Логические и другие посылки к выводу, что всему виной является пиво, считаю достаточными, и поэтому прошу квалифицировать данную объяснительную как заявление с просьбой отдать мне мои документы, поскольку я теперь осознал, что история не является для меня достаточно гуманитарным предметом. Единственною наукой, которая, как я понял, действительно проникнута духом гуманности и гуманизма, является урология. Намерен пойти учиться, а потом заниматься ей на профессиональной основе.
С уважением – ваш бывший студент Простаго М. У.

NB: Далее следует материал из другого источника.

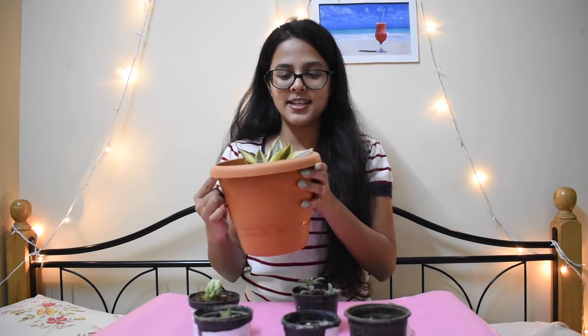I do have many other succulents as well. If you want a different video on succulent care, do comment down below. And one more plant left — that is the beautiful snake plant.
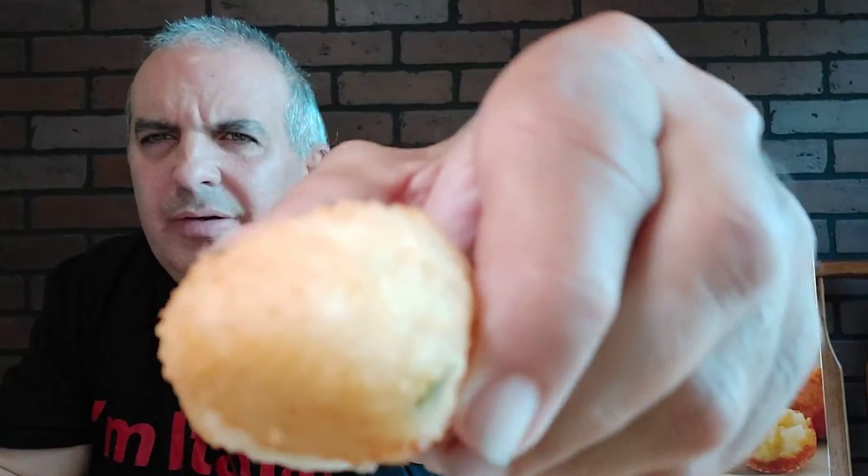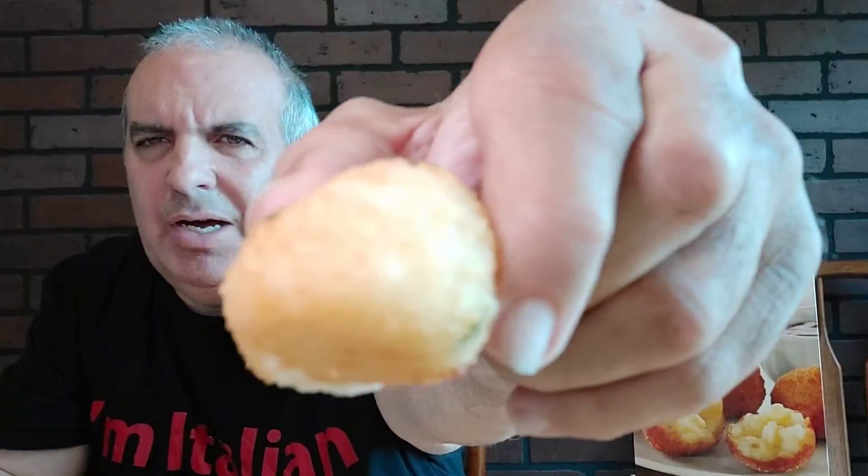They smell very mac and cheesy — a little blob coming out. Mac and cheesy, nice crunch thing going on. Very good texture.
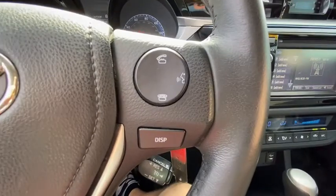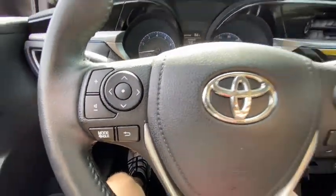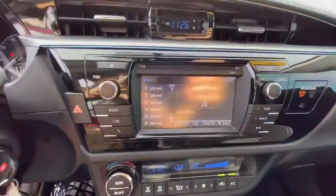Remote keyless entry, brake assist, panic alarm, tachometer, cloth seat trim, front bucket seats, driver vanity mirror.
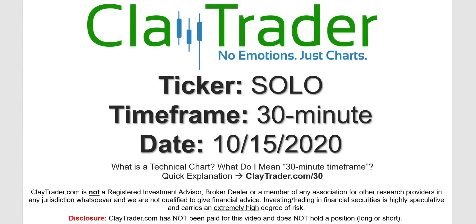Hey, it's Clay, and this will be a video chart on ticker symbol SOLO. We will take a look at the 30-minute timeframe. Not sure what I mean by 30-minute — I do offer an explanation video at that link.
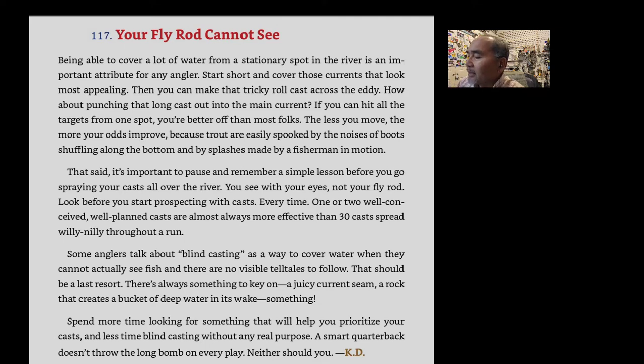Some anglers talk about blind casting as a way to cover water when they cannot actually see fish and there are no visible telltales to follow. That should be a last resort. There's always something to key on — a juicy current seam, a rock that creates a bucket of deep water in its wake. Spend more time looking for something that will help prioritize your casts and less time blind casting without any real purpose. A smart quarterback doesn't throw the long bomb every play — neither should you.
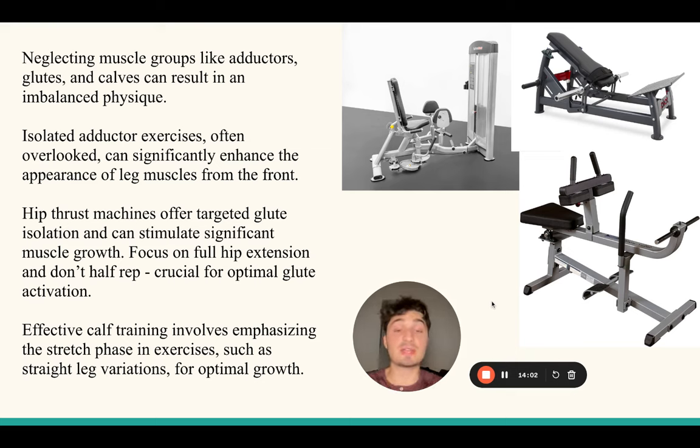Some studies show that even lengthened partials at the bottom are more effective for growth than full ranges of motion for calf raises, which is pretty interesting. Just make sure you're getting a deep stretch at the bottom at all times and not stopping halfway.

Ректору Селеноградского исторического университета Сонцезатменскому Гало Нимбовичу
от студентки 1-го курса факультета истории Первой цивилизации Росянки Л. Я.
ОБЪЯСНИТЕЛЬНАЯ
Настоящим объясняю причину своего отсутствия на занятиях 8.10.99 г., а также в соответствии с вашим приказом №233/2299 от 4.9.99 излагаю состав и мотивы моего такого проступка, который вообще не считаю проступком и готова доказывать свою правоту где угодно и перед кем угодно, не взирая ни на какие чины, заслуги и звания!
8.10.99 г. я отсутствовала на занятиях вместе со всем своим курсом! Это мы делали по прямому распоряжению нашей больно умной деканши, которой, как мне прекрасно известно, еще утром звонила ваша глупая секретарша Мариночка!
Правда, я и сама хотела сходить и посмотреть, какая будет скульптура, хотя это совершенно никого не касается!